** Data extracts follows **

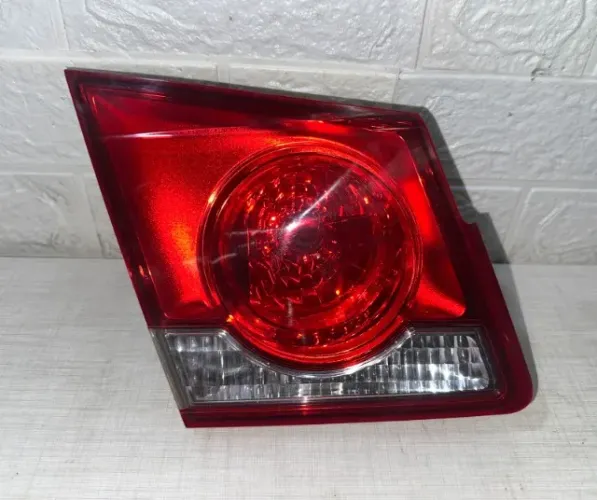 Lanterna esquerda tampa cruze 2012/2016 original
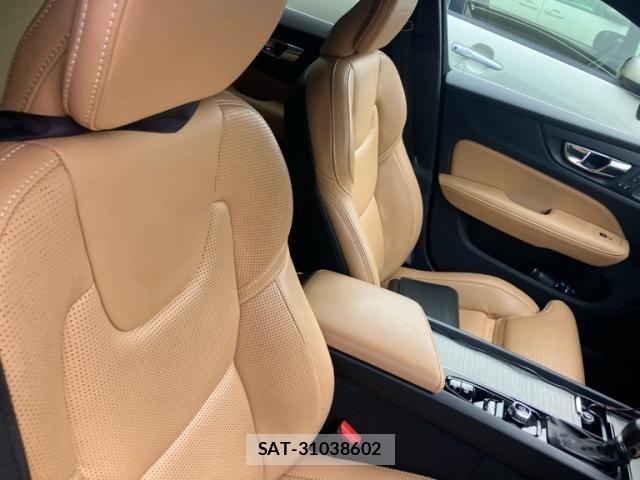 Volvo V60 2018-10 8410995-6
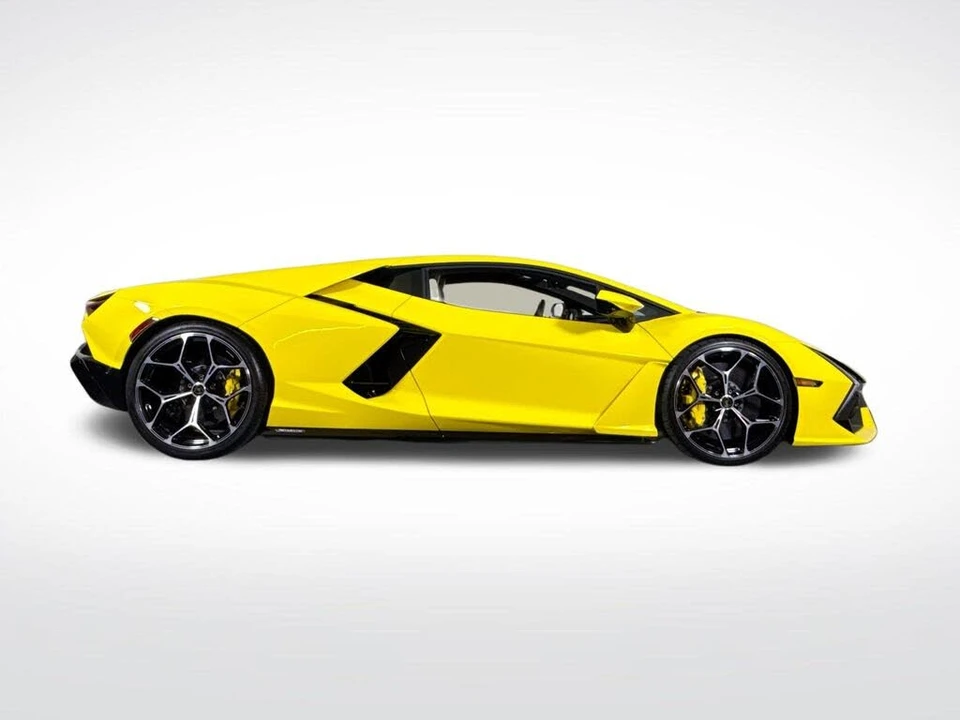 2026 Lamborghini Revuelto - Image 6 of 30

** End of Data extracts **
** Data extracts follows **

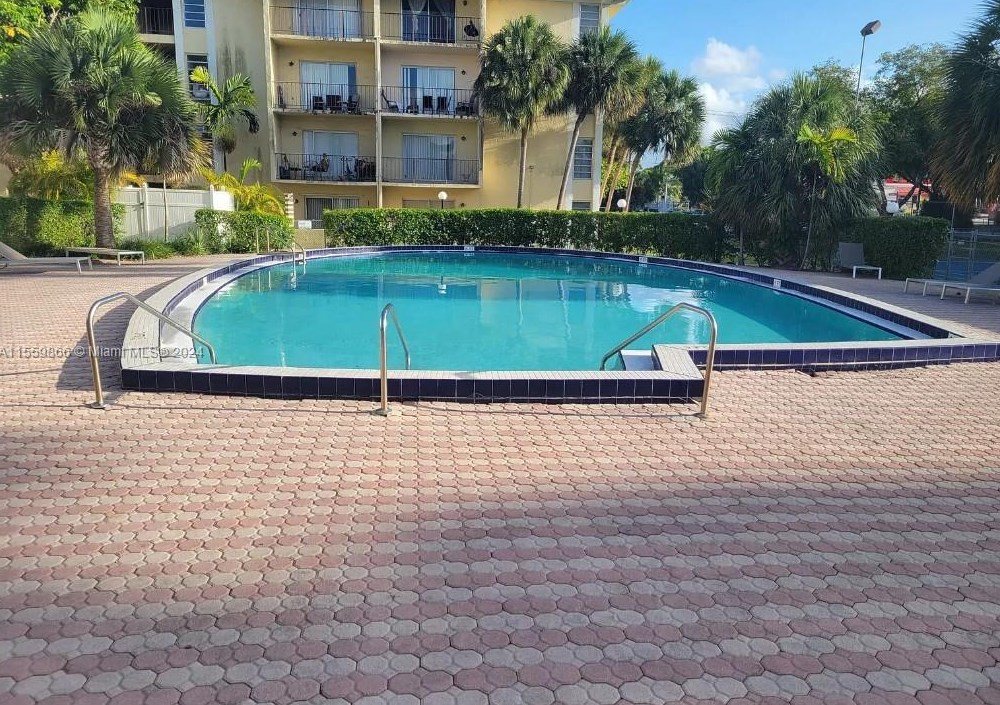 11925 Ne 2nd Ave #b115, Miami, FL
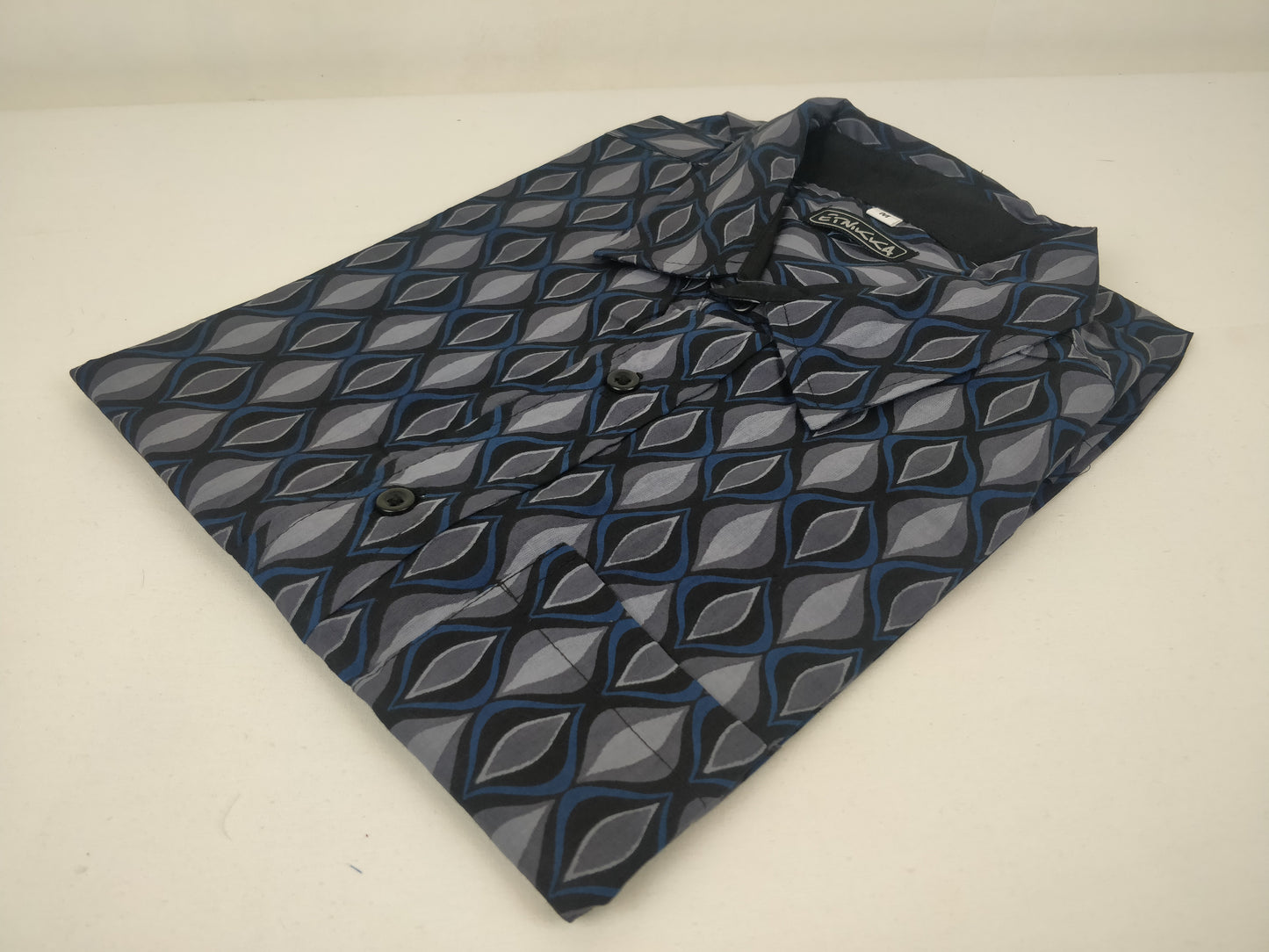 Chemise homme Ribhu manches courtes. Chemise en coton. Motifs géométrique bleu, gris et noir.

** End of Data extracts **
** Data extracts follows **

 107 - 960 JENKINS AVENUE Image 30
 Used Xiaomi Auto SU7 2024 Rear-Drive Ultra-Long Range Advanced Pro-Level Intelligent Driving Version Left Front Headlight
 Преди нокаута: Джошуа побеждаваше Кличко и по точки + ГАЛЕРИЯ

** End of Data extracts **

Quote the lines above exactly, starting with the one that has "Lanterna esquerda tampa" and ending with the one that has "2026 Lamborghini Revuelto - Image 6 of 30"; drop the pictures and include nothing else.

Result of this task =>
 Lanterna esquerda tampa cruze 2012/2016 original
 Volvo V60 2018-10 8410995-6
 2026 Lamborghini Revuelto - Image 6 of 30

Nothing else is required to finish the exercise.